The application is based on – to paraphrase the mother – that she wishes to obtain legal assistance for herself and the children. The first comment I have in respect of that is that the children are already represented by the appointment of an independent children’s lawyer, Mr Murray, who in fact – and I am about to recite the history of this matter – urged me at the last mention of the matter to bring it on to trial for the benefit of the children’s interest being aired in a court. The application is opposed by both the applicant and the independent children’s lawyer.
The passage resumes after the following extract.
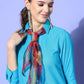 InWeave Women's Aqua Blue Coord Set With Maroon Abstract Scarf - Swadesiicart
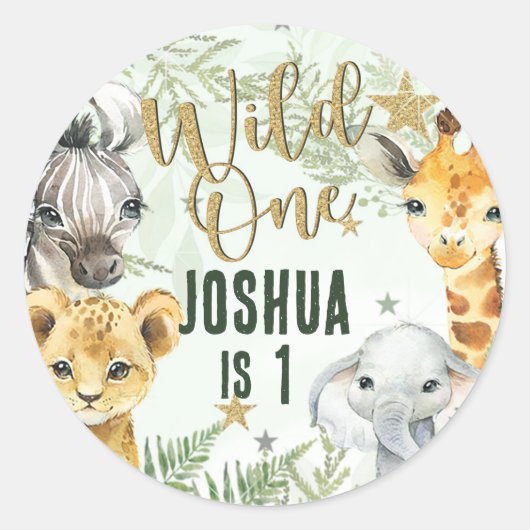 Wild One Safari Dieren Ronde Stickers (Voorkant)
It is, of course, preferable, advisable and of assistance to the Court and, in my view, to all parties to proceedings that a party have the benefit of legal advice, legal assistance and representation at a trial of issues that are often complex and foreign to lay persons but involve, ultimately, arguably the most important of issues, being the welfare, living arrangements and parenting arrangements for dependant children. That is a general proposition but it must be seen on a case-to-case basis.
In the matter now before me, I should say that my first interaction with this file occurred only in its last mention but on that occasion I was urged to list the matter for trial by the independent children’s lawyer against the then-opposition of the mother. The chronology is this: that the father’s application for children’s orders was filed as long ago as 14 May 2013. That is in excess of three years. To put that into context, it is the aim of this Court to – certainly, when it was established – to give parties to litigation trials and conclusions in their matters in some nine to 12 months after the filing of proceedings. This matter is now well in excess of three years in its duration.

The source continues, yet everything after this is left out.